Plan Needed to Tackle Outrages by Gangster Regimes: Ex-defence Chief

Plan Needed to Tackle Outrages by Gangster Regimes: Ex-defence Chief
Opposition blogger and activist Roman Protasevich, who is accused of participating in an unsanctioned protest at the Kuropaty preserve, arrives for a court hearing in Minsk, Belarus, on April 10, 2017. (Stringer/Reuters)
5/25/2021
Updated:
5/25/2021

Britain needs a long-term plan is tackle “criminal outrages by gangster regimes,” a former military chief has said.

Lord Stirrup made the call at Westminster as he argued that the “egregious act” of Belarus forcing the diversion of a passenger jet to arrest a journalist and prominent government critic was not an isolated incident.

The independent crossbencher, who led the armed forces as chief of the defence staff from October 2006, highlighted the “murderous attacks with vile poisons” on UK soil as well as cyber interference in the nation’s political processes, which have been blamed on the Kremlin.

Former Russian spy Alexander Litvinenko died in 2006 after drinking tea laced with radioactive polonium-210, while the Salisbury chemical weapons attack in 2018 killed Dawn Sturgess.

Lord Stirrup’s comments came after the detention of Roman Protasevich following what has been branded a “state-sponsored hijack.”

He was on board a Ryanair flight from Athens to Vilnius when it was forced to change course to head for the Belarusian capital, Minsk, after a reported bomb scare, escorted by a MiG fighter jet.

Protasevich subsequently appeared in a video released by the authorities in which he appeared to admit he was involved in organising mass protests in the country last year.

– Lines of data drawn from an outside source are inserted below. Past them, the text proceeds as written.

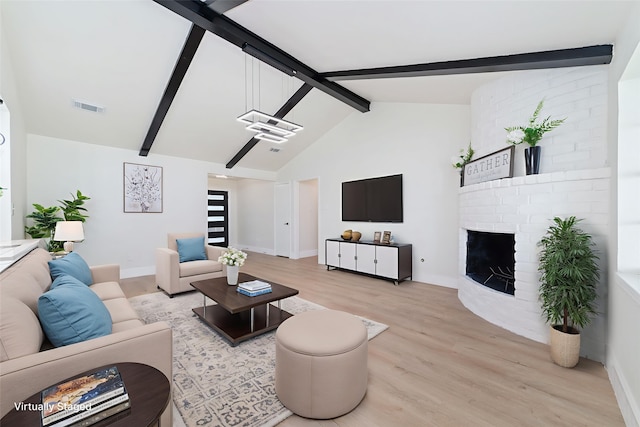 13019 Foxburo Dr, Houston, TX 77065 - living room featuring beam ceiling, light wood-style flooring, a fireplace, and high vaulted ceiling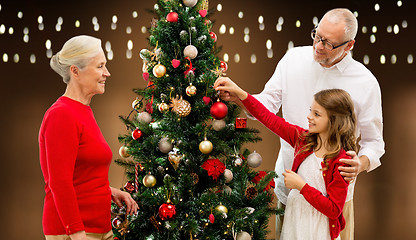 Image showing happy family decorating christmas tree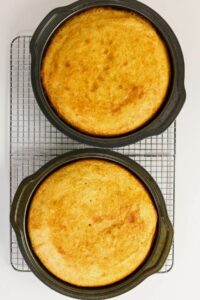 Two round golden-brown cakes in baking pans cooling on a metal wire rack against a white background.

Prime Minister Boris Johnson has described the footage as “deeply distressing” and called for his release.

Speaking in Parliament, Lord Stirrup said: “Does the minister agree that this egregious act is not just an isolated incident but is part of a wider pattern of criminal outrages perpetrated by gangster regimes, which in this country alone has included murderous attacks with vile poisons and electronic attempts to subvert our democracy?

“What is required now is not just a strong immediate response to the Belarus incident but a longer-term strategy to counter such regimes and to thwart their malign purposes.”

Responding, Foreign Office minister Lord Goldsmith of Richmond said: “Our approach to tackling these escalating problems in Belarus, which go far further than events over the last couple of days, is part of a broader approach that we take.”

The UK and EU have issued new sanctions against Belarus in light of the arrest.

Alexander Lukashenko has been president of Belarus since the post was established in 1994 and won re-election for a sixth time in 2020 with 80 percent of the vote, in a ballot deemed “neither free nor fair” by the European Union.

Since winning the disputed election last August, Lukashenko has cracked down on dissenting voices, with many opposition figures arrested and others forced into exile.

Independent crossbencher Lord Russell of Liverpool said he had been part of a team monitoring the parliamentary election in Belarus and witnessed the 64-year-old president appoint his 22-year-old mistress, an ex-Miss Belarus, as an MP.

“That is his definition of democracy,” said Lord Russell.

He urged the UK Government to work with other trading partners to “hit Belarus where it hurts.”

Leading lawyer and Labour peer Baroness Kennedy of the Shaws pressed for the use of targeted sanctions to be extended to more individuals.

She highlighted a “hugely rich oligarch” living in London who is funding Lukashenko “up to his ears.”